Jakarta, INDONEWS.ID - Dewan Pakar MIPI Prof. Dr. Nurliah Nurdin, MA mengatakan pemilihan umum di Indonesia selalu ramai dengan berbagai dinamika wacana, termasuk yang saat ini sedang hangat adalah wacana penundaan pelaksanaan pemilu. Tidak ada alasan untuk menunda Pemilu. Namun, Posisi Pemerintah (eksekutif) yang saat ini berada dalam majority disebabkan dukungan koalisi partai di legislatif (parlemen) yang kuat dalam system presidential disebut unified government akan memudahkan setiap wacana tersebut untuk diangkat menjadi sesuatu yang nyata. Melakukan amandemen konsitusi misalnya, bisa saja dilakukan, hal itu adalah kesepakatan eksekutif dan legislative.
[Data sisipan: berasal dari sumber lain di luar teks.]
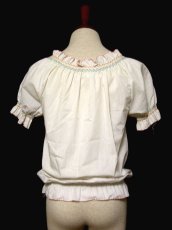 画像3: ハンドメイドのフラワー刺繍がとっても可愛い ヨーロッパ古着 半袖スモックブラウス【1048】 (3)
Ini salah satu sisi positif dan titik lemah dari unified government tersebut, yaitu ketika setiap keputusan bisa dengan mudah diambil tanpa pertentangan antara anggota parlemen dan presiden. Hal ini terungkap pada Webinar dengan judul "Telaah Kritis Usul Perpanjangan Masa Jabatan Presiden dan Wakil Presiden" yang diselenggarakan oleh Masyarakat Ilmu Pemerintahan Indonesia (Indonesian Society of Governance Studies), pada hari Rabu 9 Maret 2022. Kegiatan ini diikuti oleh berbagai tokoh politik, akademisi, praktisi pemerintahan, dan masyarakat umum.
Dewan Pakar MIPI Prof. Dr. Nurliah Nurdin, MA., selaku pembicara pada kegiatan tersebut mengatakan bahwa Reformasi 1998-1999 tidak boleh dicederai., Amandemen Konstitusi oleh Parpol Reformer untuk membatasi masa jabatan Presiden jangan sampai terwujud karena melanggar konstitusi negara.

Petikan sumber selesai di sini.